DIRECTIONS:
For the listing below, the answer is an exact retyping of the lines from the one with "Dark brown leather boots." through the one with "a view of lake with mountain", both included, without pictures.

RECORDS SUPPLIED:
⁂

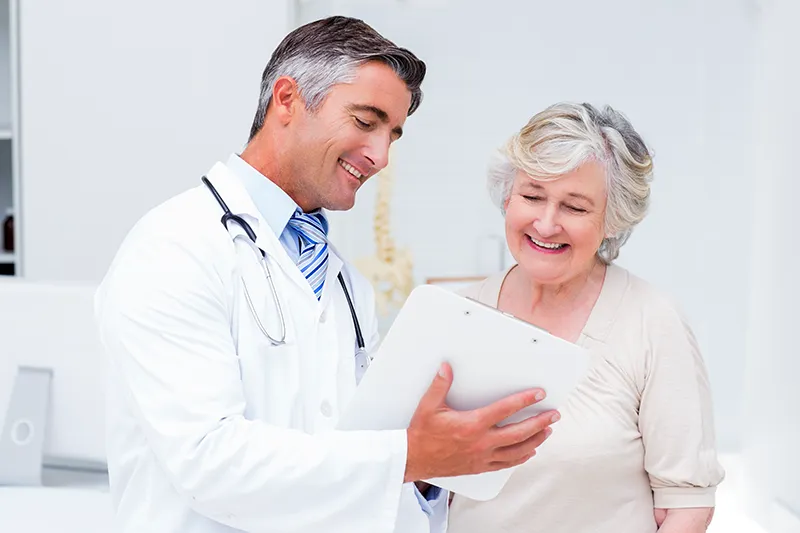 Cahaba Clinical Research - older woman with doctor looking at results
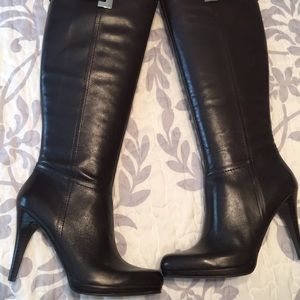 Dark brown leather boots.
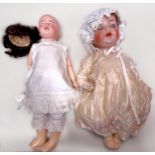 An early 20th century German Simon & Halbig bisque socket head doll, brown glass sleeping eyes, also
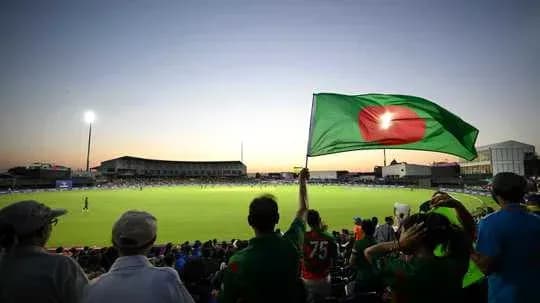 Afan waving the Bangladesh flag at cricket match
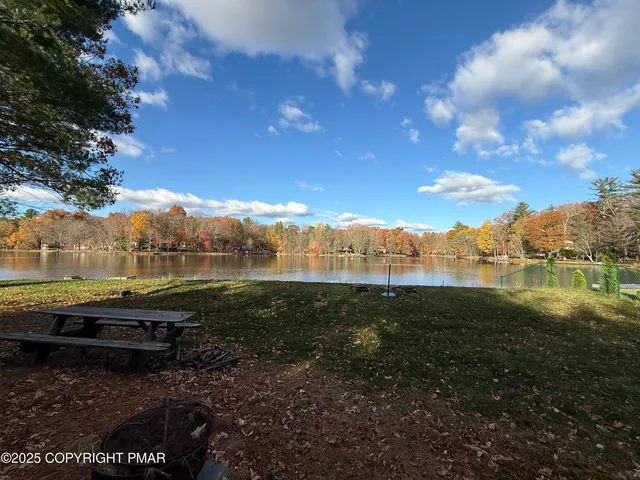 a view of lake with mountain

⁂

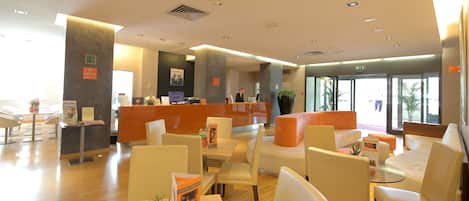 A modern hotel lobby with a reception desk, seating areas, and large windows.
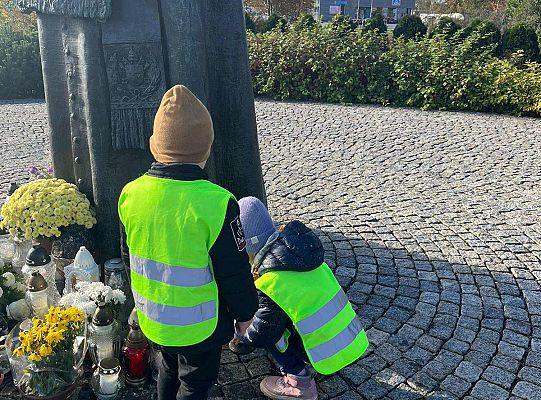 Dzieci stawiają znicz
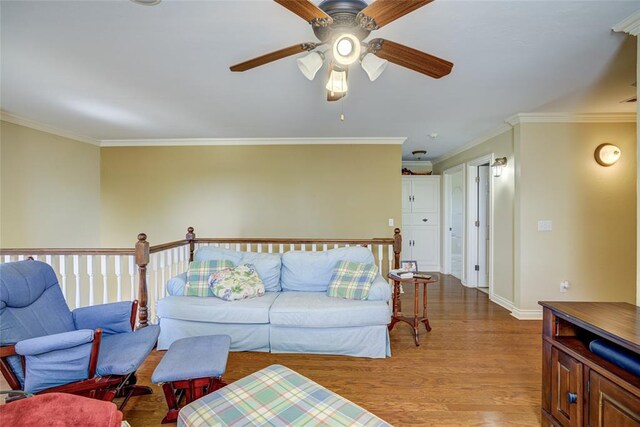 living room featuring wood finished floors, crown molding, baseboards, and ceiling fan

⁂

OUTPUT OF THE TASK:
 Dark brown leather boots.
 An early 20th century German Simon & Halbig bisque socket head doll, brown glass sleeping eyes, also
 Afan waving the Bangladesh flag at cricket match
 a view of lake with mountain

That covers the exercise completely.